1. The power to alter, amend, repeal, or adopt new Bylaws for this Association is vested in the elected officers through an affirmative vote of at least four members, provided that the membership at the next general membership meeting may, by resolution adopted by a majority vote of the members present and voting, rescind such amendments adopted by the Officers, or may otherwise adopt, amend, or repeal the Bylaws at any such meeting. In the event that any member proposes any amendment, substantive alteration, or repeal any provision of the Bylaws at an annual membership meeting or Officers meeting, written notice of the proposed action shall be submitted to the Clerk at least 30 days prior to the said meeting and the Clerk shall cause notice of said proposed action to be given to each member of the Officers at least 15 days prior to the holding of said meeting. No amendment, alteration, or repeal of the Bylaws adopted by the Officers within 30 days prior to the annual membership meeting shall be effective until submitted to, and approved by, the membership of said meeting.
2. The Officers may alter, amend, repeal, or adopt new Bylaws by mail in the
following manner:
a. Any Officer can send a proposed Bylaws change to the Clerk. .
b. Within seven days, the Clerk must mail a copy of the proposed Bylaws change to all
Officers.
3. Within 15 days, the Officers respond to the Clerk with the answer to one question: (1)
Are you in favor of the proposed Bylaws change?
4. The proposed Bylaws change passes if the returned ballots indicate an affirmative vote of
the majority of sitting Officers.

Article VIII - Personal Liability

1. The members, directors, and officers of the corporation shall not be personally liable for any debt, liability, or obligation of the corporation. All persons, corporations, or other entities extending credit to, contracting with, or having claim against the corporation, may look only to the funds and property of the corporation for the payment of any such contract or claim, or for the payment of any debt, damages, judgment, or decree, or of any money that may otherwise become due or payable to them from the corporation.

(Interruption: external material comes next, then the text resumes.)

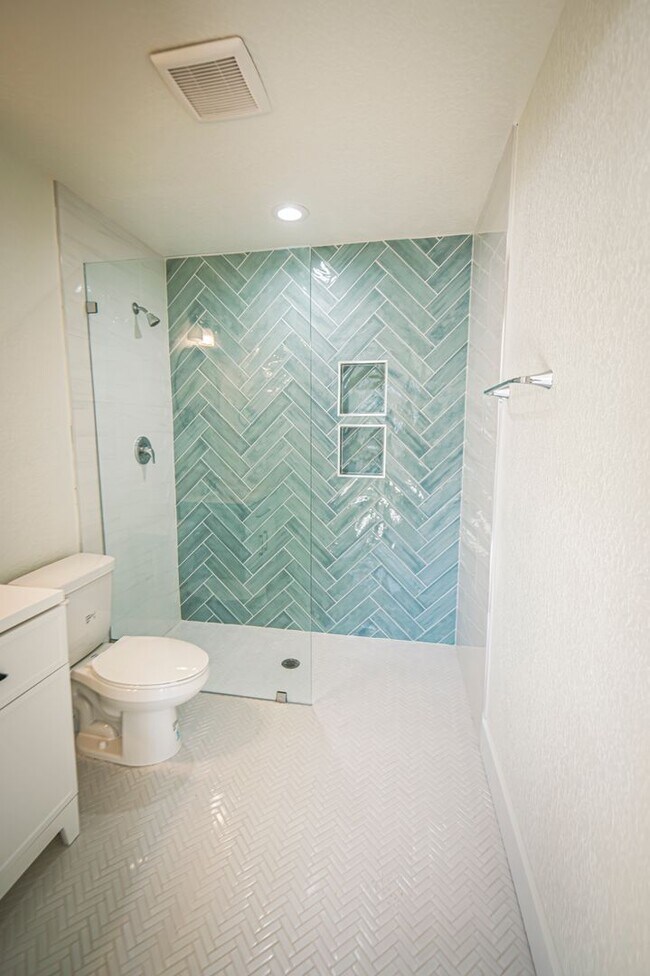 Building Photo - *NEW Build! Centrally located 2/2.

Article IX - Sponsors, Benefactors, Contributors, Advisors, and Friends of the corporation

1. The Officers of the Association may designate certain persons or groups of persons as sponsors, benefactors, contributors, advisors, or friends of the corporation or other such titles as they deem appropriate. Such persons shall serve in an honorary capacity and, except as the Board shall otherwise designate, shall in such capacity have no right to notice or to vote at any meeting, shall not be considered for purposes of establishing a quorum, and shall have no other rights or responsibilities.

Article X – Corporate Seal

1. The Officers of the Association may adopt and alter the seal of the Association.
2. The seal of the Association shall consist of a design bearing the name of the Association. Said seal shall remain in the possession of the Clerk.

Article XI - Registered Agent

1. In keeping with the statutory requirements of the Commonwealth of Massachusetts, a registered agent has been designated in the Articles of Incorporation. The registered office of this corporation shall be the same as the address of the registered agent. In the event that the office of the registered agent becomes vacant, the Officers of the Association shall hold a meeting within seven days of the occurrence, and a new registered agent shall be elected from the members of the elected Officers by a majority vote of said Officers. The name and address of said newly elected registered agent will be filed with the Secretary of State, together with the necessary fees as directed by statute.